A: “My Cormo yarn is very strong and very resistant to pilling. In addition, it is a highly resilient yarn (think stretchy)! A length of yarn 12 inches long (relaxed) can easily stretch to 18 inches long! This means a few things to the knitter … 1) Because we don’t knit a fully relaxed length, and there’s no way to measure an “in between” length, the length of yarn on the label is at its fully stretched length; 2) Because we also don’t knit at fully stretched length, if you are using this yarn as a substitute, I’d buy about 25% more yarn length than quoted for the pattern.
“When knitting with the Cormo yarns, I also find that I am often working with needles that are larger than suggested by the weight of the yarn. For an extreme example of that, I am working on a design for the Cormo fingering yarn using size 8 needles without getting any lace-like holes in the cloth. On a less extreme basis, I often suggest that knitters go up a needle size or two to get gauge when they are substituting. Also, if they get stitch gauge but not row gauge, think about that resiliency thing again. As you knit, you are stretching the yarn under tension around the needle. As soon as it comes off the needle, it wants to retract into its not-stretched state.

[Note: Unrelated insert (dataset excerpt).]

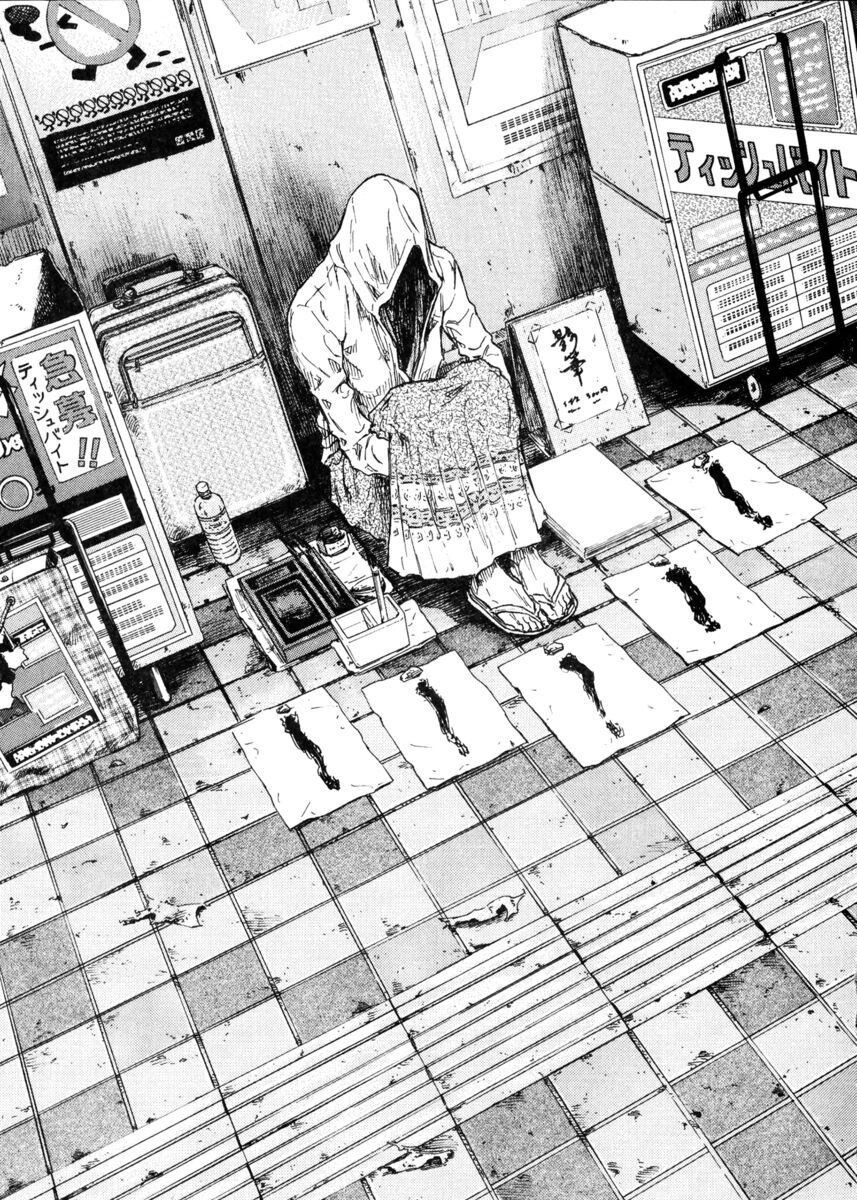 Read Shamo Manga Online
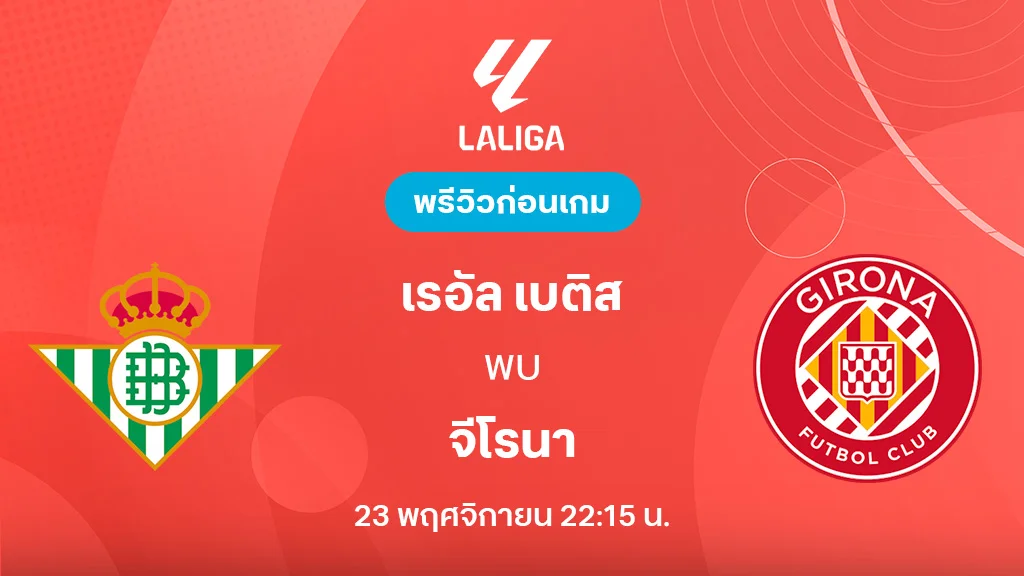 เรอัล เบติส VS จีโรน่า : พรีวิว ลาลีกา 2025/26 (ลิ้งก์ดูบอลสด) เรอัล เบติส VS จีโรน่า : พรีวิว ลาลีกา 2025/26 (ลิ้งก์ดูบอลสด)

This can result in more rows to the inch than you expect. So, because of the physics of loops and stretch, changing to a larger needle size can result in the same stitch gauge and a looser (fewer rows to the inch) row gauge.”
A few project ideas
The gorgeous Autumn’s End sweater by Alana Dakos, from her book “Botanical Knits,” available in space, would look stunning in any of the Cormo Sport colorways.
If you can’t commit to a sweater, go for Stax by Carina Spencer, which can be made as either a beanie or a slouch hat.
A twist on the classic cardigan, we love the mod silhouette and textures of Rhilea, by Suvi Simola.
Antiquity by Alicia Plummer is going straight to the top of the Rav queue. They’re an instant classic!
Kids need hand knits, too. One of our favorites is the Wowligan. Because, owls + kids + hand knits = ultimate cuteness!